Just recently i decided to put all APs on static IPs and yesterday i only have 2 lease errors. looks like im doing something right here. will update you guys if this will do the trick. i still have some wireless bridges on the network to configure on static mode.

kejianshi

Ahhhhh - Yes.  Its hard to control things with people coming and going.  Where is this located?  (just wondering)

Darkanyons

After configuring all my wireless bridges to static ips and mapping them on PF, i still have few duplicate lease errors.
I'm pulling my hair off!  >:(  and im running out of options.
In addition, today another seemingly alarming log shows:

Aug 2 17:24:26 	kernel: arp: 172.16.26.20 moved from 34:6b:d3:4c:d0:26 to 94:db:c9:0e:23:82 on em0
Aug 2 17:24:26 	kernel: arp: 172.16.26.20 moved from 94:db:c9:0e:23:82 to 34:6b:d3:4c:d0:26 on em0
Aug 2 16:00:43 	kernel: arp: 172.16.31.14 moved from 34:6b:d3:4c:d0:26 to 8c:a9:82:ac:fc:50 on em0
Aug 2 16:00:43 	kernel: arp: 172.16.31.14 moved from 8c:a9:82:ac:fc:50 to 34:6b:d3:4c:d0:26 on em0

Is someone mac spoofing the captive portal? Could this be the culprit of the duplicate errors? ???

kejianshi

If you are allowing access per MAC, then yes.  MACs can easily be spoofed or even duplicated an many sites to get onto your network.

Darkanyons

Agree. I think the captive portal associates the voucher codes with the clients mac address. Once they're paired after authentication that MAC address is granted a pass thru to access the internet. If someone knows a mac that is already authenticated and clone that to his device, he may be able to have a free connection.

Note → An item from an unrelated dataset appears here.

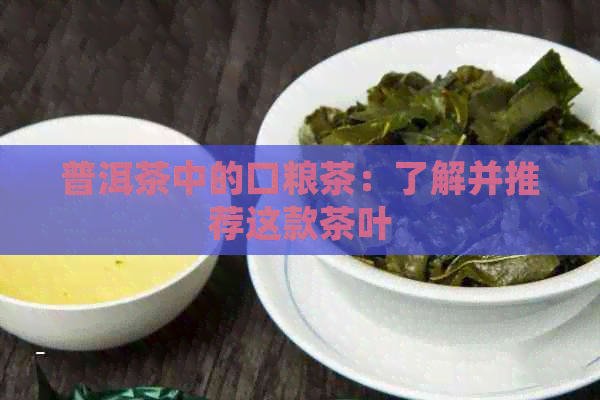 普洱茶中的口粮茶：了解并推荐这款茶叶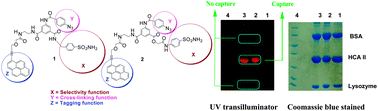 Graphical abstract: 1,3,5-Trisubstituted benzenes as fluorescent photoaffinity probes for human carbonic anhydrase II capture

Is this what it looks like in the logs? is my speculation not far fetch? are there any scenarios less suspicious?

kejianshi

Or the IPs are being handed out VIA DHCP so each time a previously known MACs IP is changed for some reason, you will see that also.
If you see the same MAC used simultaneously and switching back and forth alot its probably been spoofed.  This is an unsercure, unencryped wifi?

Darkanyons

@kejianshi:

Or the IPs are being handed out VIA DHCP so each time a previously known MACs IP is changed for some reason, you will see that also.

Thank you.
Can this scenario result in duplicate lease errors?

@kejianshi:

If you see the same MAC used simultaneously and switching back and forth alot its probably been spoofed.  This is an unsercure, unencryped wifi?

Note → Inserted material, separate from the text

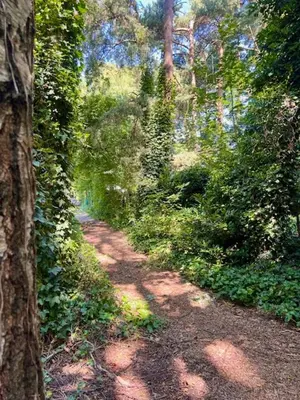 a dirt path in a forest with trees and bushes at Villa Bosrijk in Lommel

On the logs the mac-changing-errors occurred on the same time. Yes this is unsecured and unencrypted wifi.

kejianshi

If its unsecure, there, yes.  More than likely someone is using a simple packet sniffer and has a record of all the MACs in use on your system.  This would be very easy for them to get on an unsecure wifi.  Hacking wifi is like a national sport there.

Darkanyons

waaaaaa…........................ I'll be damned if this is happening here too.

The log above just shows that the macs have been cycling on just three addresses:
34:6b:d3:4c:d0:26 = MAC address 346BD3 Company Huawei
94:db:c9:0e:23:82 = MAC address 94DBC9 Company Azurewave
8c:a9:82:ac:fc:50  = MAC address 8CA982 Company Intel Corporate

I'm wondering how to make this public hotspot more secure. should i migrate away from PFs' Captive portal?

kejianshi

Use captive portal with WAP2.

This way, in the future, a person standing to the side can't sniff the unencrypted packets, get your MACs then use the MACs to get a free ride on your wifi.
It won't prevent one of your customers from sharing the WPA2 key though if they purposely want to do that.